Research & Papers

Learning to Emulate Chaos: Adversarial Optimal Transport Regularization

New method matches statistical properties of chaotic systems like weather and power grids.

Deep Dive

Chaotic systems, from weather to power grids, are notoriously hard to model with data-driven emulators due to sensitivity to initial conditions, which makes exact long-term forecasts infeasible. Traditional squared-error losses fail on noisy data, while prior regularization relied on handcrafted features. In this paper, Gabriel Melo, Leonardo Santiago, and Peter Y. Lu introduce a family of adversarial optimal transport objectives that jointly learn high-quality summary statistics and a physically consistent emulator. They theoretically analyze and experimentally validate two formulations: a Sinkhorn divergence (2-Wasserstein) and a WGAN-style dual (1-Wasserstein), demonstrating significantly improved long-term statistical fidelity across a variety of chaotic systems, including high-dimensional attractors.

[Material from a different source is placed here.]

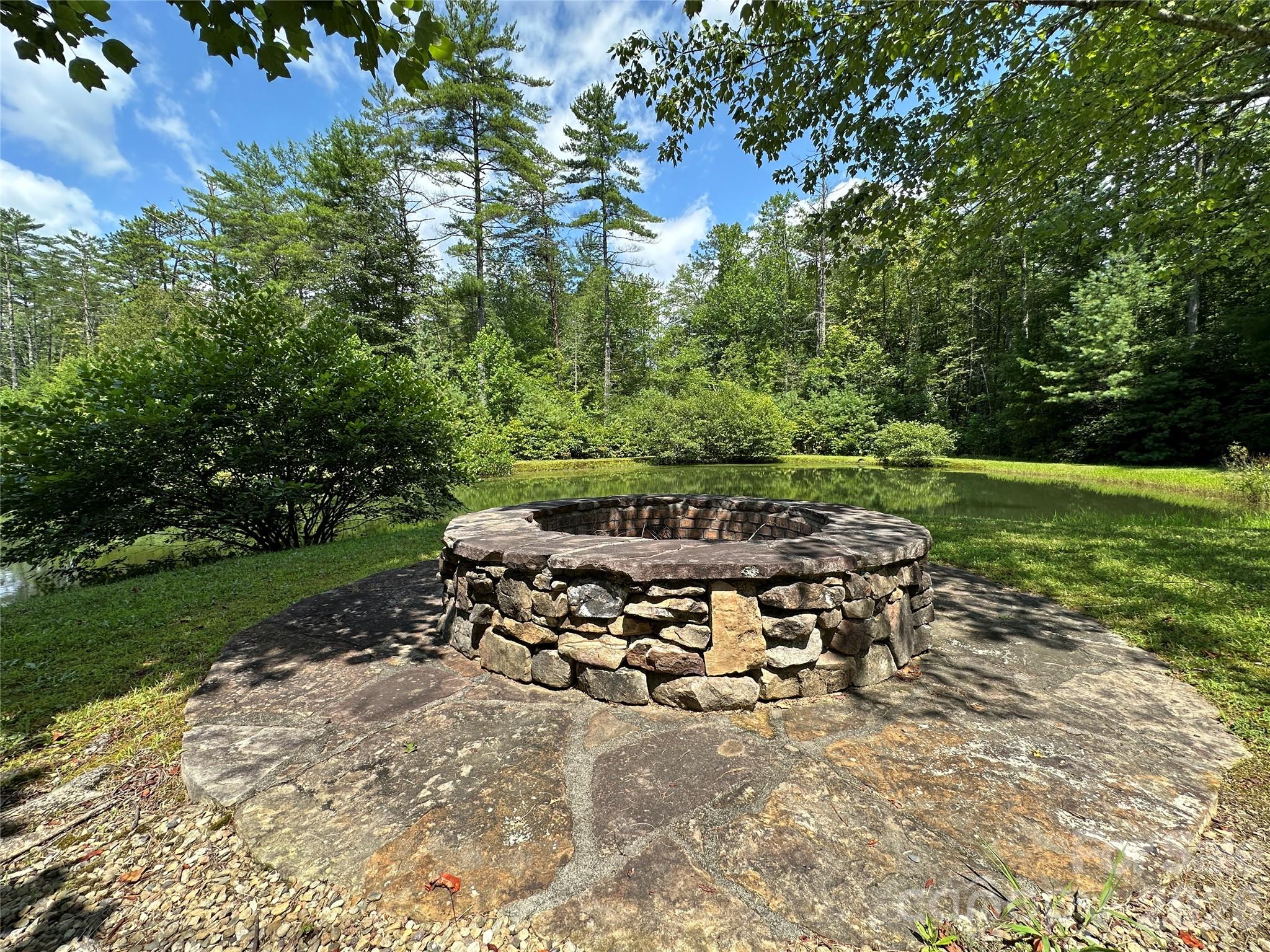Round Mountain Falls - Land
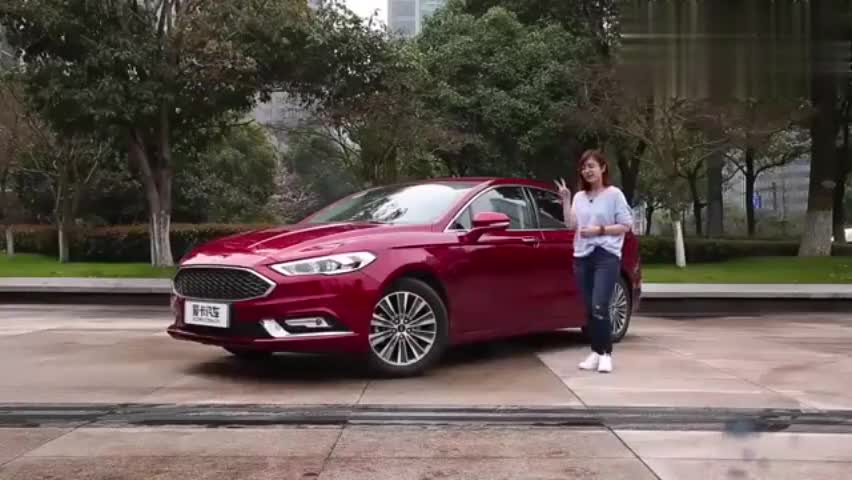 视频：插电版混动蒙迪欧，拥有燃油版顶配才有的中网，最省油的美系车！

This work bridges optimal transport theory and machine learning for dynamical systems, offering a principled way to match the statistical properties of chaotic attractors. By avoiding handcrafted features, the method adapts to diverse datasets and system complexities. The results suggest that adversarial optimal transport regularization can make AI emulators viable for critical applications like climate modeling, grid stability, and other domains where chaos dominates and accurate long-term predictions are essential.

Key Points
  • Proposes adversarial optimal transport objectives (Sinkhorn divergence and WGAN dual) for emulating chaotic systems.
  • Jointly learns summary statistics and a physically consistent emulator, avoiding handcrafted features.
  • Experiments show improved long-term statistical fidelity across high-dimensional chaotic attractors.

Why It Matters

Enables AI to reliably model chaotic systems like weather and power grids for long-term predictions.